3. Calculate the average net revenue for customers that have sales and the average net revenue for all customers.
   - Use `AVG` to calculate the average net revenue for customers that have sales.
   - Use `AVG(NULLIF(s.net_revenue, 0))` to calculate the average net revenue for all customers.

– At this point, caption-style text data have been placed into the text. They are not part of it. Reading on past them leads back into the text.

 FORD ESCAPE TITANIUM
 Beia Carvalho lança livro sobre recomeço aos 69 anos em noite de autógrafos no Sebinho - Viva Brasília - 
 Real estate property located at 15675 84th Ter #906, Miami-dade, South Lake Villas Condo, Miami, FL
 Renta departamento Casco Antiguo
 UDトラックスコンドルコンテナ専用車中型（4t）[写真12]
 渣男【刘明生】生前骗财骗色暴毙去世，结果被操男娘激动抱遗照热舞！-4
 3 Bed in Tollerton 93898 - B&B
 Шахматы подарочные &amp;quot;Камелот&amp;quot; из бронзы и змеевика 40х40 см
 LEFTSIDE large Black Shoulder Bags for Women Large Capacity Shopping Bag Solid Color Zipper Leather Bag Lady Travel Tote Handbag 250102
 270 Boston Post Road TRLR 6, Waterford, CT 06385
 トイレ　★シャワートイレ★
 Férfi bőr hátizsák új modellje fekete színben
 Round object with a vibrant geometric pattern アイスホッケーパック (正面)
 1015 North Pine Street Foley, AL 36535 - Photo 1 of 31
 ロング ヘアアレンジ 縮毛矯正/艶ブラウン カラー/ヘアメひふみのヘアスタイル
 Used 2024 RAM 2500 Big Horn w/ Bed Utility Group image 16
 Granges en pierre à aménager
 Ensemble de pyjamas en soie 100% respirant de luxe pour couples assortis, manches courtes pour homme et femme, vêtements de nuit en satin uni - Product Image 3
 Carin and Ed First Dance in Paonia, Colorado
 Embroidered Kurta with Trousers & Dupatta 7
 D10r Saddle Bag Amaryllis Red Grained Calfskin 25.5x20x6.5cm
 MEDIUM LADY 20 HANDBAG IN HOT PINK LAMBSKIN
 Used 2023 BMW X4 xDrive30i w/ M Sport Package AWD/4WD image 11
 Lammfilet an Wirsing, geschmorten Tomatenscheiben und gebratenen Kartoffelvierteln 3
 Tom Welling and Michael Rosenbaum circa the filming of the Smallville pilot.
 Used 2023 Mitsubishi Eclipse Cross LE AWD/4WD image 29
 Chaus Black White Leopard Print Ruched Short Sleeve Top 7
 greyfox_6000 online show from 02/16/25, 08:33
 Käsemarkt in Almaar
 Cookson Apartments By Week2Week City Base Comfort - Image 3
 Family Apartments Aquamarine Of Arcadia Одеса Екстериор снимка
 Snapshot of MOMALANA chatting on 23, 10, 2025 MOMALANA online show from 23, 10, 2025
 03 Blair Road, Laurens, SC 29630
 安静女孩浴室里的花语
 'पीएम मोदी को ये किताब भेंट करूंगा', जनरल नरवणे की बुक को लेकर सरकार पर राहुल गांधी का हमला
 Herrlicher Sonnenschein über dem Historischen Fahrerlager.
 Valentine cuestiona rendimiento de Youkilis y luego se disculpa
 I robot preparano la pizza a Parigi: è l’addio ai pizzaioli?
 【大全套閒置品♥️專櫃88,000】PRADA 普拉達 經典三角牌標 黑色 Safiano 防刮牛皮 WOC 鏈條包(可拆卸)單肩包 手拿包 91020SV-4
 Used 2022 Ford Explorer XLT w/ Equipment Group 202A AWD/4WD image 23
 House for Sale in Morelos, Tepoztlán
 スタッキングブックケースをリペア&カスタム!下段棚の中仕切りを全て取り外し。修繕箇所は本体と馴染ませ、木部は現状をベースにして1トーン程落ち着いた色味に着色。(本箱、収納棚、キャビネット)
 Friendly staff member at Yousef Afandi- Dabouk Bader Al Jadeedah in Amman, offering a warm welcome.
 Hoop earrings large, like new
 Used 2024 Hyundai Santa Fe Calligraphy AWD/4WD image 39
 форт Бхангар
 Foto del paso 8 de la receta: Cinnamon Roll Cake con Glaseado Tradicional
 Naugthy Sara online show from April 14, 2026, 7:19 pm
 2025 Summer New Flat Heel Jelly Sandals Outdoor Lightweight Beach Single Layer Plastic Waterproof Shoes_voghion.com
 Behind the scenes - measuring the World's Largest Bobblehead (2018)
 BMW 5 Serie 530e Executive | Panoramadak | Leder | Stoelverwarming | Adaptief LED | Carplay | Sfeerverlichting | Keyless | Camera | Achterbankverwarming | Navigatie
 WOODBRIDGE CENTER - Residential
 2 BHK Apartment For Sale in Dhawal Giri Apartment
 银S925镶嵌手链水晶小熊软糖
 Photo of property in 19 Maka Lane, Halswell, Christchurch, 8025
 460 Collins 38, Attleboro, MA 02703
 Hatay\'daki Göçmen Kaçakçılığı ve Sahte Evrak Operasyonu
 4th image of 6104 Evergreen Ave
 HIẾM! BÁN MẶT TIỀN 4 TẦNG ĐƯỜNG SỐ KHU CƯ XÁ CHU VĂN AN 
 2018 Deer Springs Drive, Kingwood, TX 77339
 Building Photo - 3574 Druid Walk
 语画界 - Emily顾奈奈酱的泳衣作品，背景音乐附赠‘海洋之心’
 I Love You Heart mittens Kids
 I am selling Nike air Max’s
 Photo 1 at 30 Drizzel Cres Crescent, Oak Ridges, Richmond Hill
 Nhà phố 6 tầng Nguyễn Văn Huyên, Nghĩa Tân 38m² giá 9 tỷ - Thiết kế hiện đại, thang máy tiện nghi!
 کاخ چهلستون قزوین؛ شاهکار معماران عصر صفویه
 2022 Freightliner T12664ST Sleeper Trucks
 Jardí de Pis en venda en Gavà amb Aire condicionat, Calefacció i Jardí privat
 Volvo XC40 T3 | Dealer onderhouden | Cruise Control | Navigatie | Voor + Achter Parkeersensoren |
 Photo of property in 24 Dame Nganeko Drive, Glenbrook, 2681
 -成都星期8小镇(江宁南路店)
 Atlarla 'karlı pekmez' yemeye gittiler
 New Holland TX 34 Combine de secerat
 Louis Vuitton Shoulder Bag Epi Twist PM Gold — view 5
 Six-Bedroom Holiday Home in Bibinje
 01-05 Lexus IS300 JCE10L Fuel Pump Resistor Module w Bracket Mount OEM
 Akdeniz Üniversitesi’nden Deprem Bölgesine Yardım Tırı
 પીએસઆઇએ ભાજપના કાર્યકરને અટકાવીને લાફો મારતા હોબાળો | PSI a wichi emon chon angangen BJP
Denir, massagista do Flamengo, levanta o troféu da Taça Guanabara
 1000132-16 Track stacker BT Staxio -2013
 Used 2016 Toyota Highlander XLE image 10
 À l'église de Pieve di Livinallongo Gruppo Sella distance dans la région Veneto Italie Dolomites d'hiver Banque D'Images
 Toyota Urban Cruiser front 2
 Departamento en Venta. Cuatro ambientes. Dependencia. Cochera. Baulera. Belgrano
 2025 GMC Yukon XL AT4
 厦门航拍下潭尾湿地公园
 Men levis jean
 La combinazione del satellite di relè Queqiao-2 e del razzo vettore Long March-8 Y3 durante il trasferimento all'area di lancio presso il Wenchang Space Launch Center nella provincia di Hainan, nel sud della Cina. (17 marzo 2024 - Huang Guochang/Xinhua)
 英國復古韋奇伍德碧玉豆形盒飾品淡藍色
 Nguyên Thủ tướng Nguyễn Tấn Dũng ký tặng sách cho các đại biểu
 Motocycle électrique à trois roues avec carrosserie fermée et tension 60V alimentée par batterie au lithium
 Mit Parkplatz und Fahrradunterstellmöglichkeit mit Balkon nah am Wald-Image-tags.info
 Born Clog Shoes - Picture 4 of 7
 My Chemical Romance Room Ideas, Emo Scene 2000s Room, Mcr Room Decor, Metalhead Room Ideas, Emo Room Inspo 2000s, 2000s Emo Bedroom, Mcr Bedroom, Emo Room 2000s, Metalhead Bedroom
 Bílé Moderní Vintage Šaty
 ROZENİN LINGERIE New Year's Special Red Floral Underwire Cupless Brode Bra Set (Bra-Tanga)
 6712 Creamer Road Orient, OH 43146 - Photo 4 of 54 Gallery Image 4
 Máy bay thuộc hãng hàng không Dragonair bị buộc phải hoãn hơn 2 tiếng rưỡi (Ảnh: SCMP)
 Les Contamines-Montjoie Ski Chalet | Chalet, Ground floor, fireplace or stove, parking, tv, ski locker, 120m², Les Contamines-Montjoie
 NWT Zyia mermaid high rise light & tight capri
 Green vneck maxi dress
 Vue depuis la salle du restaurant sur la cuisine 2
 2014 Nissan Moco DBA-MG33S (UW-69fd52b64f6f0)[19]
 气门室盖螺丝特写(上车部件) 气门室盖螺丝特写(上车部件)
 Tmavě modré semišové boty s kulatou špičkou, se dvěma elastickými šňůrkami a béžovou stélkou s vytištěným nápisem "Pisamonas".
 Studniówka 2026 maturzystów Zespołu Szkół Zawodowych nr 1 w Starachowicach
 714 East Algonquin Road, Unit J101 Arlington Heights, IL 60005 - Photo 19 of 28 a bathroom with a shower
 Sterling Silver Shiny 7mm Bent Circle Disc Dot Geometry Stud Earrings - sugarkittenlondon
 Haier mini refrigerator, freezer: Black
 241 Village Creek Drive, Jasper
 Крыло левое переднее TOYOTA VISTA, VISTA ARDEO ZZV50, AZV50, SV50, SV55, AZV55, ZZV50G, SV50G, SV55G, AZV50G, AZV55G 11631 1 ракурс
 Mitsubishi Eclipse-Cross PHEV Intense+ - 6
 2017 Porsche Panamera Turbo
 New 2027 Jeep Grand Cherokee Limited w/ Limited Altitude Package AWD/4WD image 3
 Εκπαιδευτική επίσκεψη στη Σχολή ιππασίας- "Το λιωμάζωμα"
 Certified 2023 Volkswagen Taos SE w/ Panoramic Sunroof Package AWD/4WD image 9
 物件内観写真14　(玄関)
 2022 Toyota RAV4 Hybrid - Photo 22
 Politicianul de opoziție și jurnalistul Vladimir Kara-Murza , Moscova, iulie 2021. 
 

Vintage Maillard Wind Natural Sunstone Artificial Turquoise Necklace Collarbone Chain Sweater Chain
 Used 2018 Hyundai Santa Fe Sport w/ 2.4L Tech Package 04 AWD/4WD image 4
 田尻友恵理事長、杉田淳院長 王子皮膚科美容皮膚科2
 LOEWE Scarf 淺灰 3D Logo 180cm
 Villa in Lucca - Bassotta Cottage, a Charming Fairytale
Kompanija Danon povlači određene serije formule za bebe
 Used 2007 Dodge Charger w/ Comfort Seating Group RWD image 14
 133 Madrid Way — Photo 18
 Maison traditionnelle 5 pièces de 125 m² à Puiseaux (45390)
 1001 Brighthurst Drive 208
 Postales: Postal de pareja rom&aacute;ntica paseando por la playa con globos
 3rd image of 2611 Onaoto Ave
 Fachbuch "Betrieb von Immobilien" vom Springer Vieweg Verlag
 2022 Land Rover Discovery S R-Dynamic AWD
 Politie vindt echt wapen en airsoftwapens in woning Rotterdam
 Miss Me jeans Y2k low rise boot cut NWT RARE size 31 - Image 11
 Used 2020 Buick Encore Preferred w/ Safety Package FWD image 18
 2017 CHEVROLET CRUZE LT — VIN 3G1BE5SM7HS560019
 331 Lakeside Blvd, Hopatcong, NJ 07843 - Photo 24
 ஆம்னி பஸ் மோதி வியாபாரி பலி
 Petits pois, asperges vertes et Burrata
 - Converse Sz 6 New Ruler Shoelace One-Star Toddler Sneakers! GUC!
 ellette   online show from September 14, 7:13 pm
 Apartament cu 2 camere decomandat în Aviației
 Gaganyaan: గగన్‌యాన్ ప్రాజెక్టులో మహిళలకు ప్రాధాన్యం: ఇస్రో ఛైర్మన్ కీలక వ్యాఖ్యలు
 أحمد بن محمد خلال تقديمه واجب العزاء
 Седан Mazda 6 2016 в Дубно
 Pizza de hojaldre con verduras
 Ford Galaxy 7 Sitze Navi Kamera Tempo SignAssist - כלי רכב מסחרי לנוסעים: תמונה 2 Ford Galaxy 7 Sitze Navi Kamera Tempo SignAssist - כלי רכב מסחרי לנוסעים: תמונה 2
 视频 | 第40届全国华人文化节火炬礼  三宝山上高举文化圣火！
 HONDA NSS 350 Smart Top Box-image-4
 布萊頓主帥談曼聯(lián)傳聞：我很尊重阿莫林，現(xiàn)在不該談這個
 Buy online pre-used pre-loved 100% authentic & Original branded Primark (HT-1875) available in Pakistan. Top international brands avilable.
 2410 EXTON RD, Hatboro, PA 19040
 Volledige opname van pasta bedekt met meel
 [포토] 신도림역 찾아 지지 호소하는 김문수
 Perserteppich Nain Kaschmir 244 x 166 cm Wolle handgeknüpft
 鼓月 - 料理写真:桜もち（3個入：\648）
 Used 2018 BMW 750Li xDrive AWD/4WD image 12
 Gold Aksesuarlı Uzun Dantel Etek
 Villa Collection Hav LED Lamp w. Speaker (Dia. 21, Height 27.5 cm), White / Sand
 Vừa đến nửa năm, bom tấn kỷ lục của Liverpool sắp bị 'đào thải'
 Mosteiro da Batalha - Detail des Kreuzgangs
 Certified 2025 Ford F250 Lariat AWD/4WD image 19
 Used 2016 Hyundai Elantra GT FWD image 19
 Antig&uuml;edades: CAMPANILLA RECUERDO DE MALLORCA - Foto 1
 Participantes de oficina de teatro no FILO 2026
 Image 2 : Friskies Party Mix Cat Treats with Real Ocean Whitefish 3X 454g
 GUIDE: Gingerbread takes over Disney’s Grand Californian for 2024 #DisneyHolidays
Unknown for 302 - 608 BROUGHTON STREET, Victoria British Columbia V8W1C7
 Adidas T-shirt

> **NOTE:** Why is `all_customers_avg_net_revenue` different from the `COALESCE`?
> - `AVG(COALESCE(s.net_revenue, 0))`: Includes **all customers**, replacing `NULL` (no sales) with `0`, lowering the average.  
> - `AVG(NULLIF(s.net_revenue, 0))`: Excludes both `NULL` (no sales) and `0` net revenue, leading to a higher average if some customers have `0`.

In [4]:
%%sql

-- Put query into a CTE
WITH sales_data AS (
        SELECT
            customerkey,
            SUM(quantity * netprice * exchangerate) AS net_revenue
        FROM sales
        GROUP BY
            customerkey
)

SELECT
    AVG(s.net_revenue) AS spending_customers_avg_net_revenue,  -- average net revenue for customers that have sales
    AVG(NULLIF(s.net_revenue, 0)) AS all_customers_avg_net_revenue -- average net revenue for all customers
FROM customer c
LEFT JOIN sales_data s ON c.customerkey = s.customerkey

Unnamed: 0,spending_customers_avg_net_revenue,all_customers_avg_net_revenue
0,4170.94,4170.94


### 💡 What's the difference between `COALESCE` and `NULLIF`

- `NULLIF(expr1, expr2)` Returns NULL if `expr1 = expr2`, otherwise returns `expr1` (used to nullify specific values).  
- `COALESCE(expr1, expr2, ...)`: Returns the first non-NULL value from a list (used to replace NULLs with defaults).  
- **Difference:** `NULLIF` creates NULLs, while `COALESCE` replaces NULLs.